**YOUR TASK**
After locating the line with "PUMA TeamFINAL Casuals" in the entries below, output it and each following line up to and including the line with "Hyundai Tucson IV", exactly and without pictures.

**RECORDS SHOWN**
#####

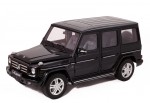 Mercedes-Benz G 500 5-door 2011 (black)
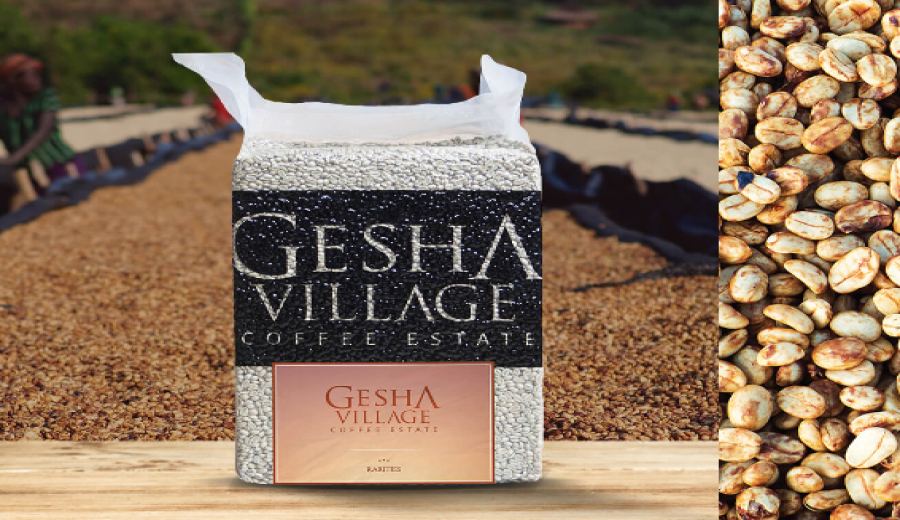 Analysis of Ethiopia Gesha Village Red Label Gesha Beans: Variety Origins, Flavor Characteristics, and Pour Over Recommendations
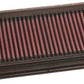 K&N Filters KNTB-9095 Replacement Motorcycle Air Filter Suit 1995-2003 Triumph Thunderbird Legend Adventure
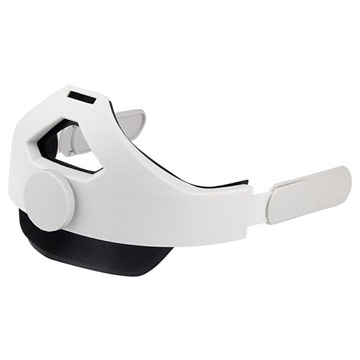 Faixa de Cabeça Ergonômica e Ajustável Oculus Quest 2 - Branco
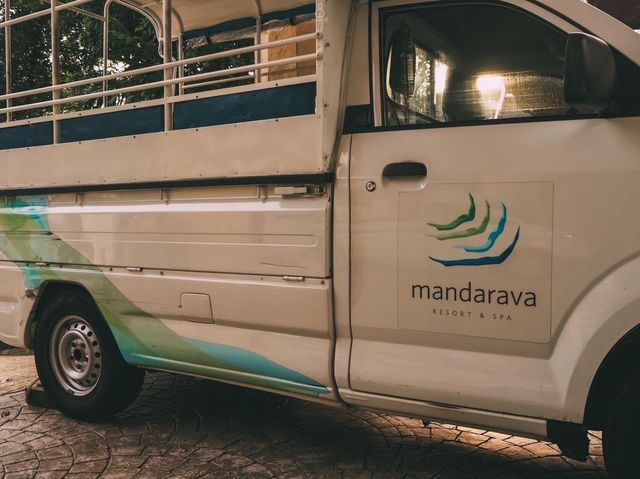Mandarava Resort and Spa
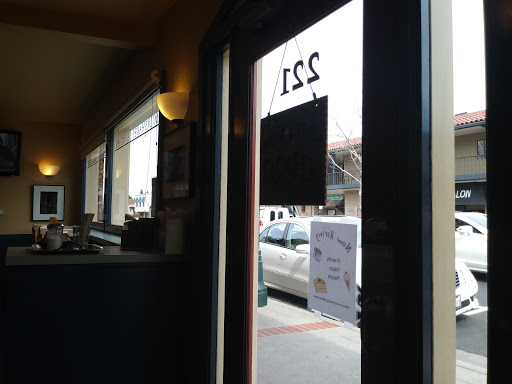 Ice Cream Shop «Dolce Spazio Gelato», reviews and photos, 221 N Santa Cruz Ave, Los Gatos, CA 95030, USA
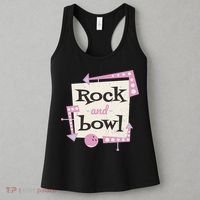 Rock And Bowl Women's Tank Top thumb 3
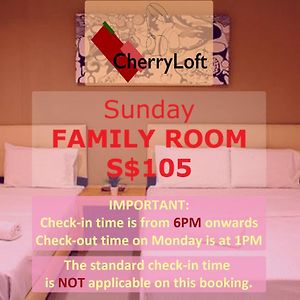 Cherryloft @ Lorong 10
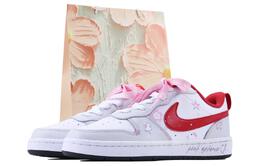 Nike: Розовые кроссовки  Court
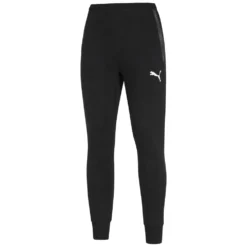 PUMA TeamFINAL Casuals Uomo Pantaloni Della Tuta 656494-03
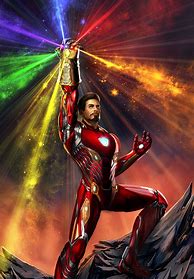 Image result for Iron Man Infinity Suit Fan Art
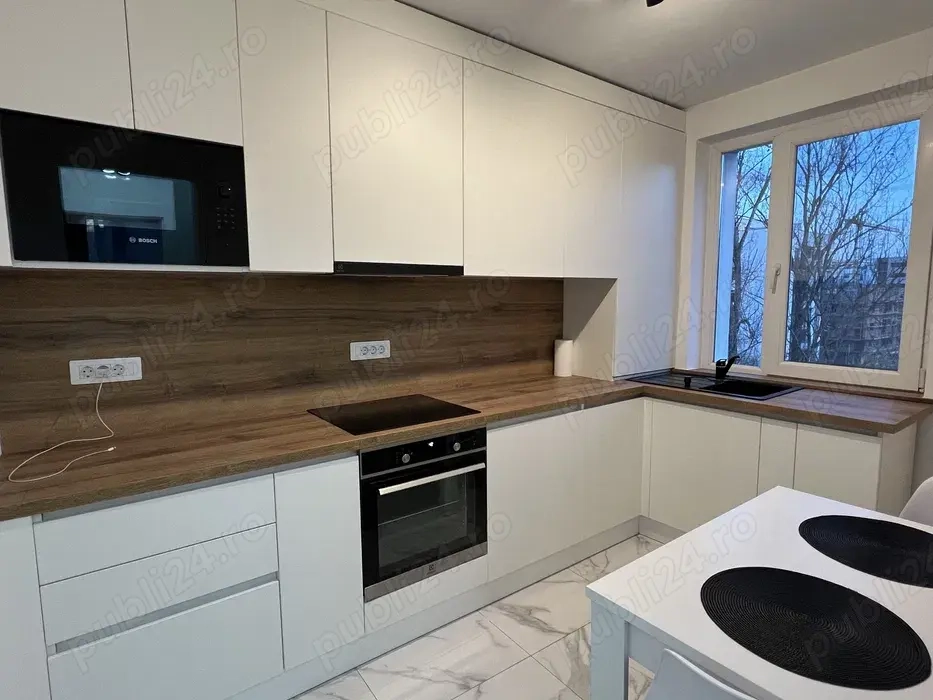 Vand apartament 2 camere etaj 4  rahovei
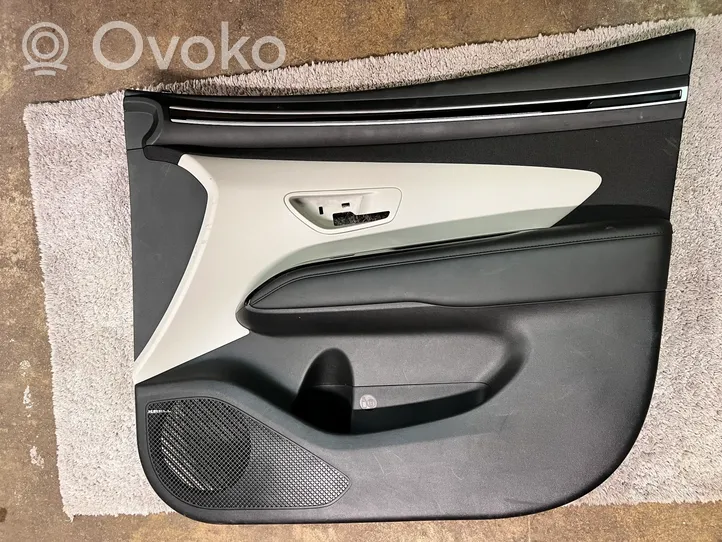 Hyundai Tucson IV NX4 Rivestimento del pannello della portiera anteriore L82302N7060MMN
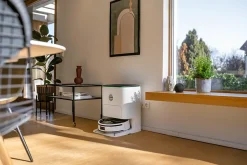Aspirateur robot laveur Karcher RVF7 Comfort EXTRA - 13000 Pa - station de vidange automatique eau et poussière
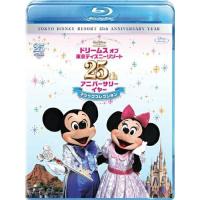BD/ディズニー/ドリームス オブ 東京ディズニーリゾート 25th アニバーサリーイヤー マジックコレクション(Blu-ray) | surpriseflower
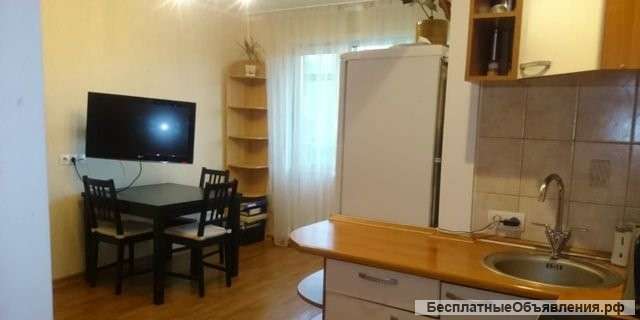 1-комнатная квартира с отличной планировкой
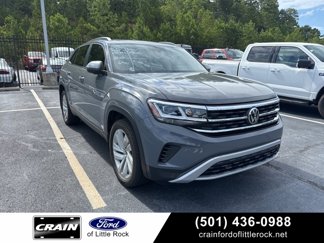 Used 2021 Volkswagen Atlas Cross Sport SE image 1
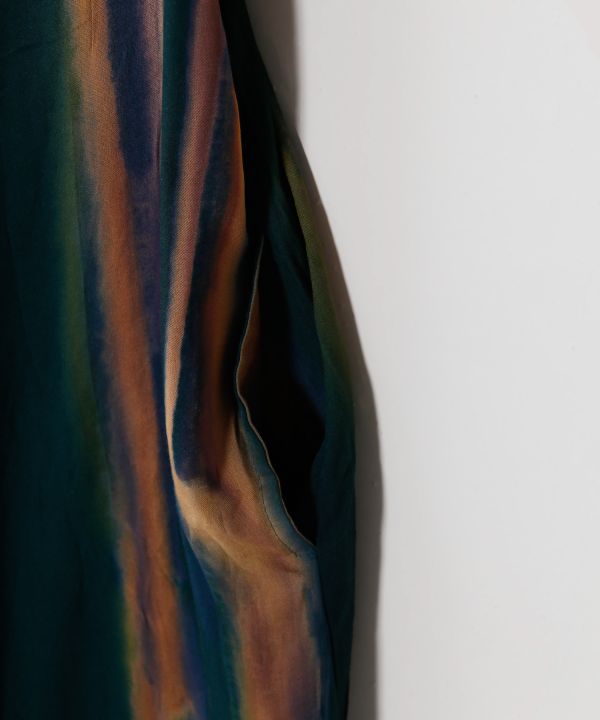 Bali Print Rayon Jumpsuit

#####

**SOLUTION FOR THIS TASK**
 PUMA TeamFINAL Casuals Uomo Pantaloni Della Tuta 656494-03
 Image result for Iron Man Infinity Suit Fan Art
 Vand apartament 2 camere etaj 4  rahovei
 Hyundai Tucson IV NX4 Rivestimento del pannello della portiera anteriore L82302N7060MMN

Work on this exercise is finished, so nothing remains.